If 3 people put their hat in a box, but the hats are mixed up. How likely is it that AT LEAST one person gets their hat back. Consider all possibilities. Then what about 4 people. Please use simplicity (I know similar questions have been posted before, but none make sense to me.)
I believe there are 24 possible outcomes, 15 being favorable that at least 1 person get their hat back, which comes out to 62.5% is this correct?
Best Answer
For three people there are six possibilities. Simply number the people 1, 2, 3. Then suppose they pick a hat out of the box in that order, then the possible hat id's are:
123 (everyone gets their own hat back)
132 (only person 1 gets their hat back)
213 (only person 3 gets their hat back)
231 (nobody gets their hat back)
312 (nobody gets their hat back)
321 (only person 2 gets their hat back)
These are the possibilities. There are 6 of them (corresponding to $3! = 6$ permutations of three distinct objects, and in 3 cases someone gets their hat back (ie, the permutation has at least one fixed point)
For four people, there are $4! = 24$ permutations. In this case you could simply list the permutations and count the number of cases where at least 1 person got their own hat back), or you could argue as follows:
How many permutations have exactly 1 fixed point? There are 4 possibilities for the 1 element fixed, and for each such choice there are 2 arrangements for the other 3 elements which do not introduce additional fixed points (using the result for 3 people), for a total of $4\cdot 2 = 8$.
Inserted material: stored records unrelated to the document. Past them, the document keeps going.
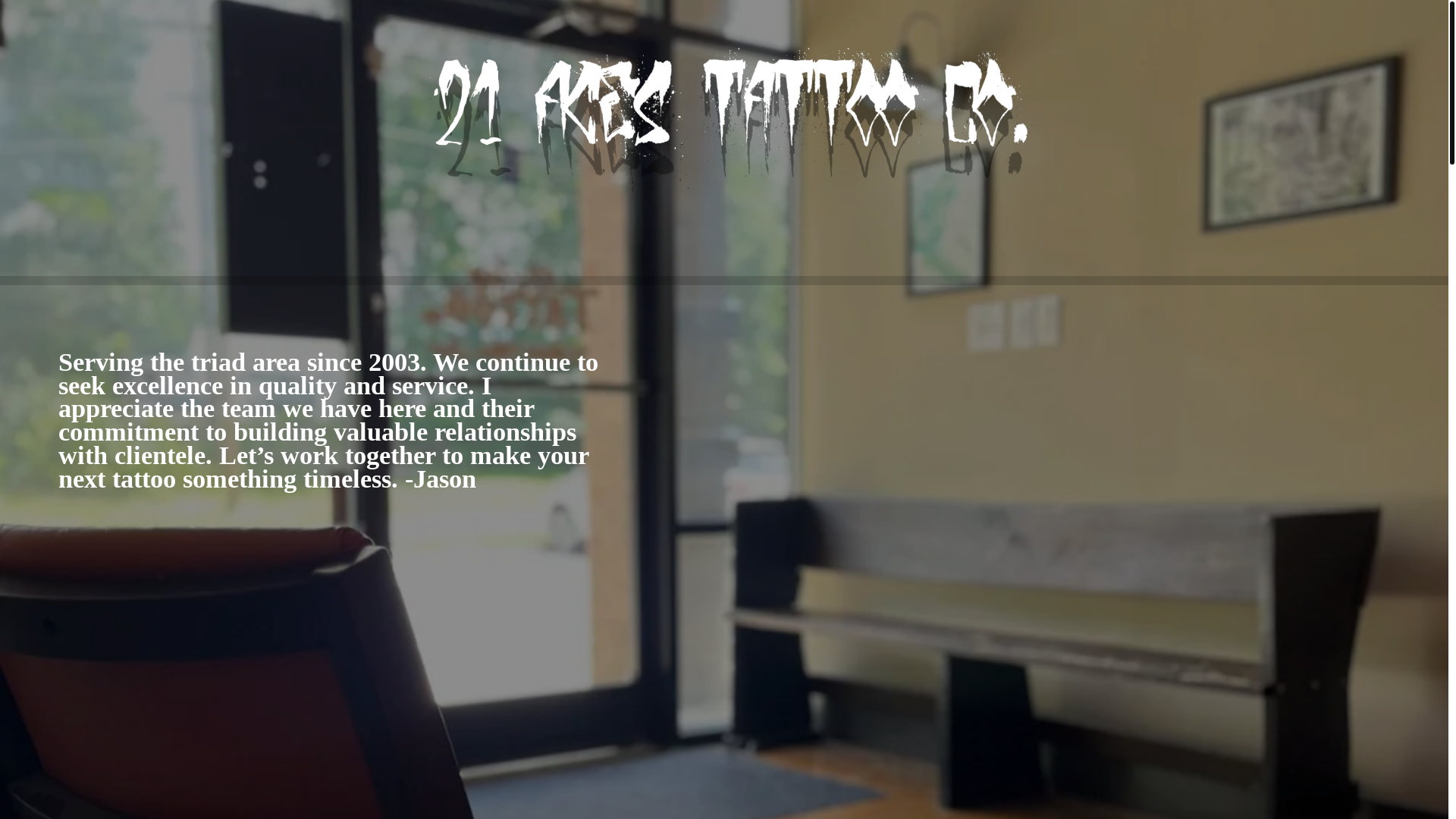 website screenshot of https://21acestattoo.org/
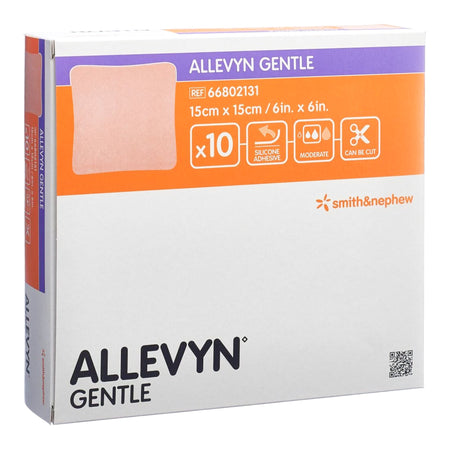 Smith & Nephew 66802131 Allevyn Gentle Border Silicone Foam Dressing, 6 x 6 Inch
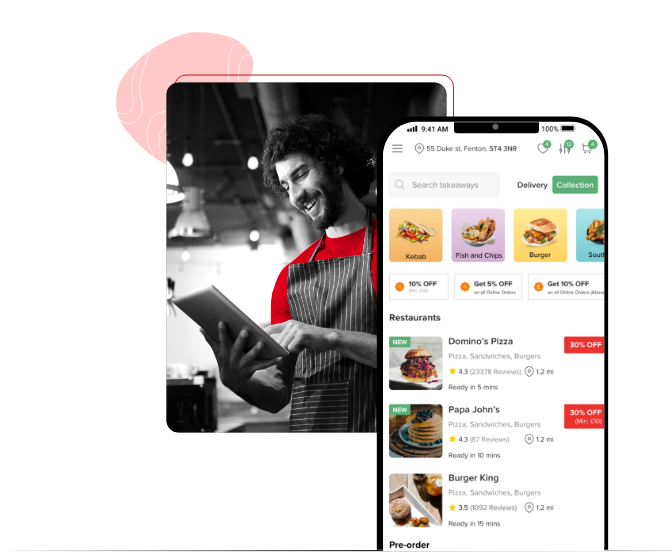 A happy restaurant and takeaway owner using the user-friendly features, services and promotions by listing on Foodhub for free.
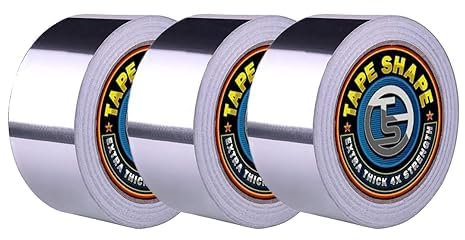 4All 3 Rolls Aluminium Foil Tape 75mm x 50m Heavy Duty Strong Adhesive Heat Resistant Insulation Tape for Sealing Ducts Car Panel and Pipework (75mmx50m, 3 roll)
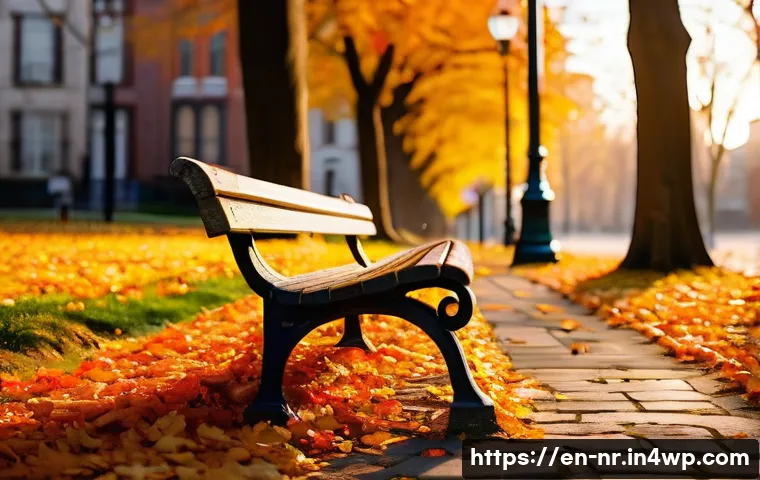 사진을 활용한 창의적 글쓰기 연습 - An old wooden park bench covered in vibrant autumn leaves, situated in a quiet city park during late...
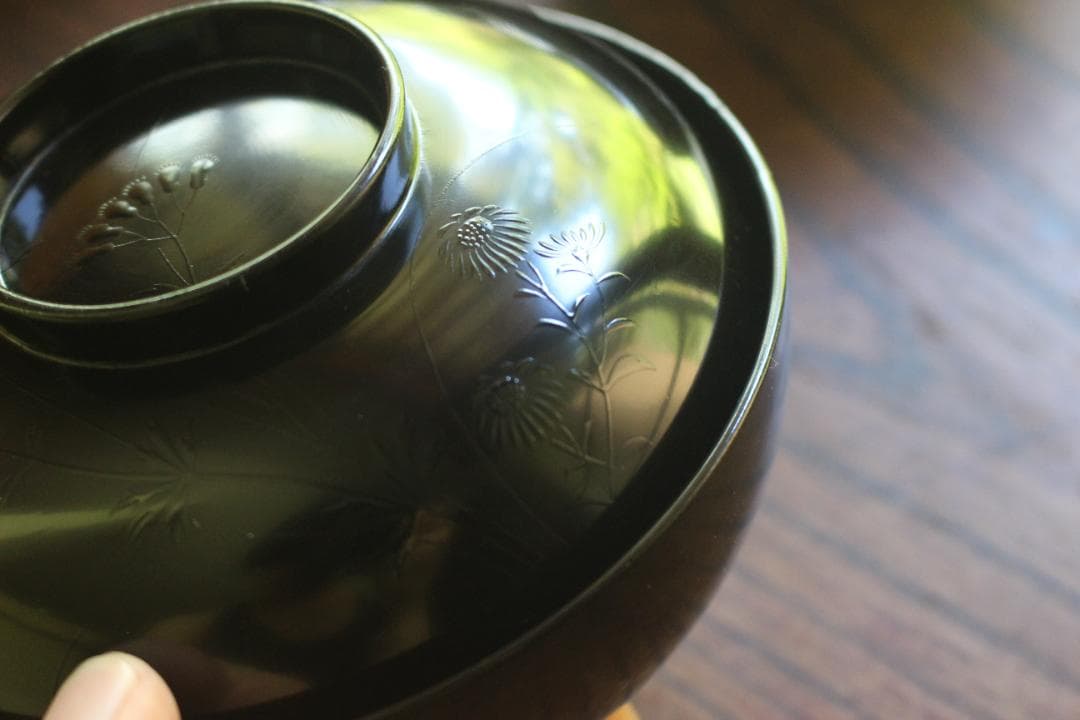 絵柄選択可！風情ある秋草闇蒔絵に見返虫蒔絵のお椀5点（検輪島塗蒔絵椀雑煮椀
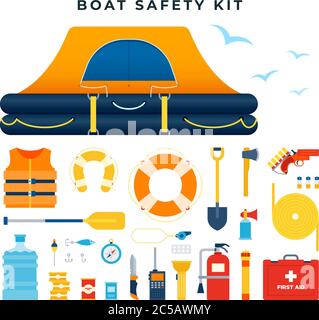 Boat safety kit, set of icons. Water rescue. Survival after a ship wreck. Equipment and tools for saving life. Vector illustration. Stock Vector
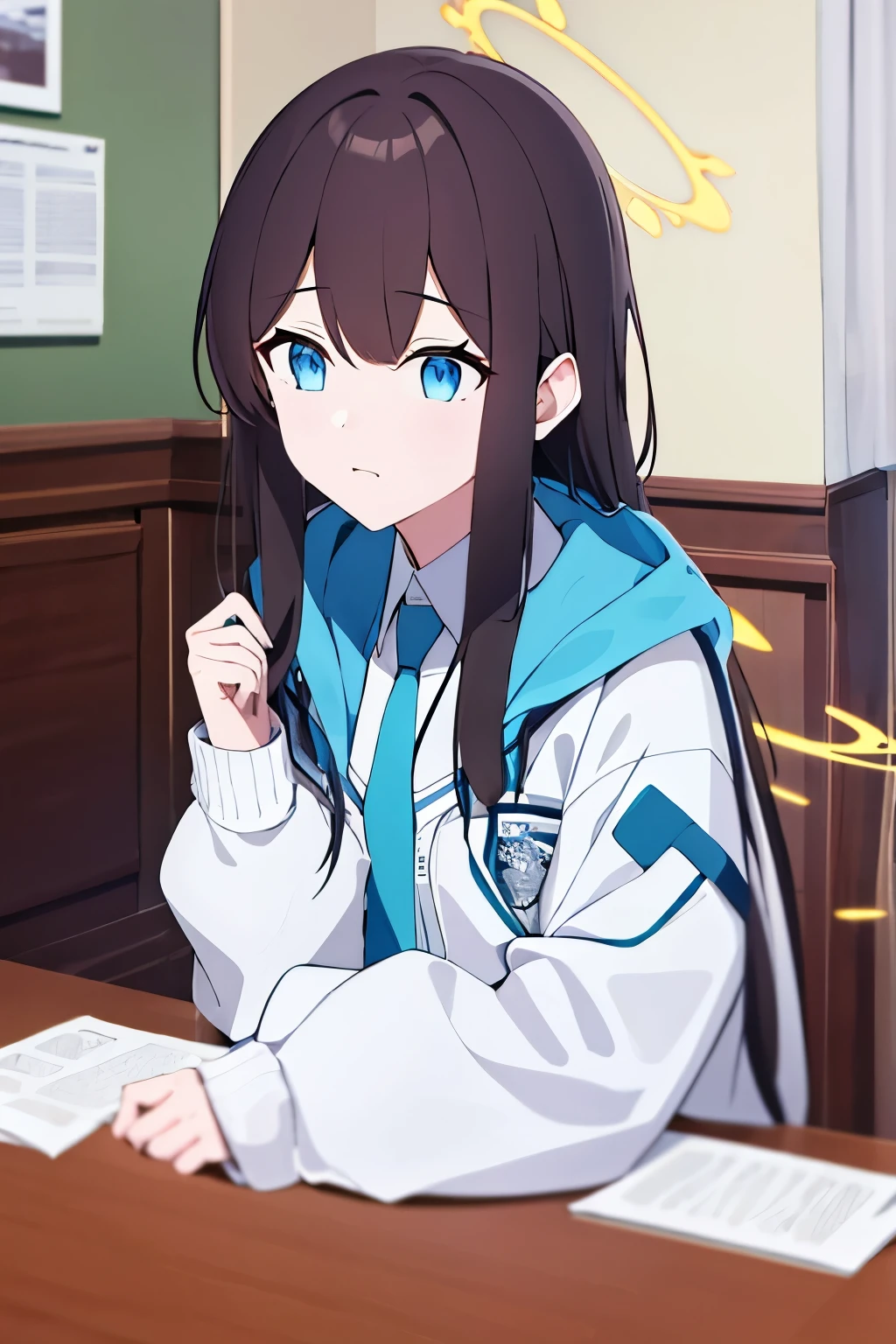 Long dark brown hair,halo,golden eyerown and white hooded windbreaker,no hat,blue tie,school shirt,picture,1 girl,In the room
How many permutations have exactly 2 fixed points? There are (4 choose 2) = 6 possible choices for the pair of elements fixed. The remaining elements must be fixed, so there are 6 permutations with exactly 2 fixed points.
How many permutations have exactly 3 fixed points? Note that if three elements are fixed, the fourth must also be fixed, so there are no permutations in this category.
How many permutations have exactly 4 fixed points? Of course there is just 1, namely 1234.
Thus, the total is $8 + 6 + 1 = 15$ permutations with at least one fixed point.